“The hills are alive with the sound of music”– this eternal line from the song with which the movie begins echoes through our imagination as we speak of Europe or Salzburg (The Sound of Music). Lush green countryside with snowcapped mountains in the background is a nature lovers’ paradise. The movie reviewed in this essay is 1965 classic musical, The Sound of Music. The movie is set in Salzburg, Austria. The essay will discuss the film and the locational geography shown in the movie. The essay will then discuss if the geography shown in the movie is similar to the real geography of the area.
The story of The Sound of Music is about a young nun, Maria, who is vivacious and full of life. Maria is sent by the abbess to become the governess of seven children of an Austrian naval captain, Captain Georg von Trapp (The Sound of Music). The movie is about the liberation of the children from their father’s strict regime and their growing love for Maria. On the other hand, Maria and the captain fall in love and are eventually married. The film is based on the political backdrop of the spread of Nazism in Europe. Essentially, the movie shows the escape of the von Trapp family from the Nazi atrocity.
The movie is shot in Salzburg, Austria (Andrews and Plummer). It was actually shot in Salzburg, and many of the castles and places are shown in the movie can still be found in the city of Salzburg. The film characterizes Europe as a beautiful place – lush green surrounded by snow-capped mountains. The castle is one that speaks of old age charm, and the nunnery fits the popular imagination. The movie was shot in Benedict Convent in Nonnberg, where Maria was a nun (Andrews and Plummer). The song “Maria” in the movie was shot in this nunnery. Mirabell Garden and Palace are where the song “Do-re-mi” was shot (Harrison). The movie also showed the Residenz Square and Fountain in Salzburg. Further, the courtyard and main front entrance of Fohnburg Palace was used as the palace outdoor in the movie (Harrison par. 14).
The movie immortalizes the romantic imagination of Europe. The castles, the beautiful natural landscape, the clean lakes, and the palaces that are called “home” create a different feel about the place. Though the Europe that is shown in the movie is not strictly the city of London or Paris, one that strives to keep the old world charm intact, it presents the image of aristocratic Austria that ended before 1918, but it was being used to woo the American audience (Dassanowsky par. 13).

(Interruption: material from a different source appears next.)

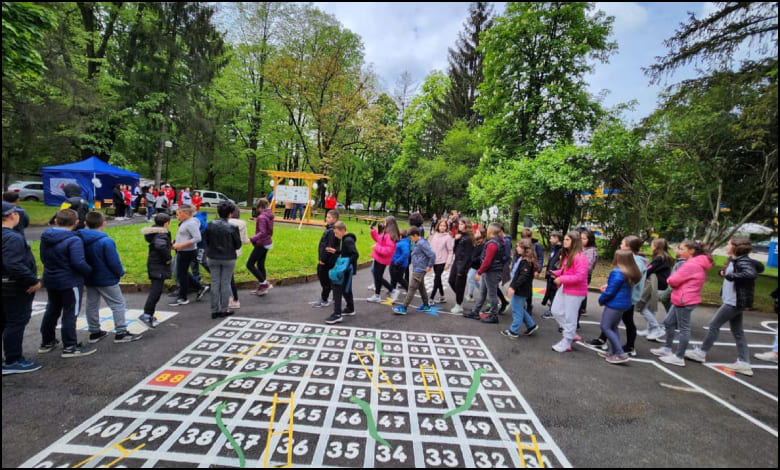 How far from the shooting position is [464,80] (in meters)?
31.8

The real image of the Fascist and Nazi regime was not shown in the movie. The “cinematic representation” of Austria presents fictionalized images of Austria that cannot be found in the real geographic location (Dassanowsky par.15). The peaceful countryside that the movie shows creates the notion of Romantic Europe, emphasizing the purity of the countryside and the corruption of the urban landscape.
The film is a fictionalized representation of Austria. The geography of the region, along with its aristocratic past, had faded away, and the film captured a figment of the romantic imagination that creates Europe in our mind. The movie is not a true representation of Salzburg, Austria, and does not create the socio-geographic condition that may validate their claim. The film creates a utopian image of Europe, while Le Intouchables provides the image of Europe as we may see today. The two films represent two different times and geographies. The film definitely should be shown in the class because this will create a clear picture in our mind as to how American cinema has fictionalized Europe in the popular imagination.
Dassanowsky, Robert von. “An Unclaimed Country.” Bright Light Film Journal. 41 (2003). Bright Lights Film Journal. Web.
Harrison, David. “The hills are alive as the Sound of Music finally returns to Austria.” 2011. The Telegraph. Web.
The Sound of Music. Dir. Robert Wise. Perf. Julie Andrews and Christopher Plummer. 1965. DVD.